LETTER FROM WARSAW/Hugh O'Shaughnessy: Warsaw, according to Norman Davies, the foremost historian of Poland in the English language, hasn't been much of a capital city.
Most of the time, he says in his book God's Playground, it has been "a resort of intellectuals, burglars and insurrectionists ... more akin to Dublin than to London or Washington". It is, he states, "less elegant than Budapest or Bucharest, less picturesque than Belgrade or Sofia, less venerable than Prague, less impressive than Berlin". So take that, all you Dubs and Polacks.
Warsaw acquired the status of capital in 1611 for no other reason, it seems, than it was in the middle of the territory where Poles lived. The city, sitting on a little plateau overlooking the River Vistula, is a victim of terrible freezing winds from the east in the winter, and the land surrounding it is not particularly rich or productive.
Yet as the city settles down after the excitement and fireworks of Poland's day of accession to the European Union, the citizens of the Polish capital are no more abashed at Dr Davies's tart opinions than Dubliners are.
Today it is revelling in the spring and the opportunity - available for only a few months in the year, due to the cold and the snow - to do some gardening and forget the hard times of winter. The parks, like the Lazienki Park with its peacocks and rowing boats on the lake, are full of families promenading in the weak sunshine.
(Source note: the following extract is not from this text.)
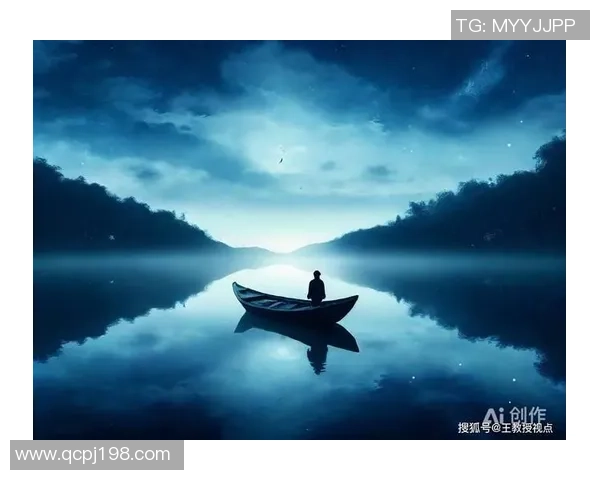 滑板与梦想交织的旅程：黄丽的深度对话与人生启示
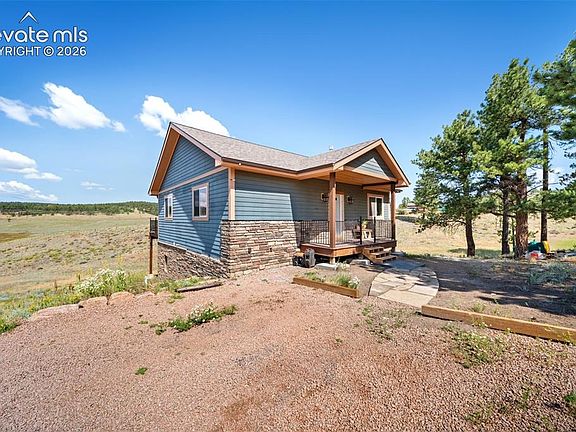 3rd image of 351 High Pasture Rd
Wilanow - the Polish equivalent of Howth Castle but much bigger and with more rhododendrons - was once the residence of King Jan Sobieski. There the gardeners have taken up the warm covers which in winter protect the more delicate shrubs and bushes. Lovers are beginning to kiss and cuddle in the gazebos and under trees that are breaking into leaf.
Both parks have evidence of the amazing new Polish passion: food - or, rather, haute cuisine. In a country where once the potato was king of the table and where, they say, meat dishes meant 57 varieties of pigs' trotters and pork knuckles, things are changing fast. In one wing of the Wilanow palace, for instance, they have been staging a mouth-watering display of how food was served in the great houses in the days of yore.
It's better in the Lazienki. There you don't just have to drool but can sit down in the elegant Orangerie for some of the finest food in Europe east of the French border.
But there is fine fare everywhere, and the most unlikely places are being turned into restaurants. One provides traditional foods - the best fish, duck and puddings - in chintzy surroundings in a pretty little villa. In sadder times the Russian KGB tortured its victims there. In the main square of the Old City, reconstructed after the wholesale destruction wrought by the Nazis at the end of the war, there is a restaurant where they have been selling wine and food since the 1540s.
The coffee house that was a favourite of Gen de Gaulle when, as a young captain, he was attached to the army of the newly independent Poland after the first World War, is still the quiet, respectable place it has been since 1869 - a Bewley's Oriental Café, one might say.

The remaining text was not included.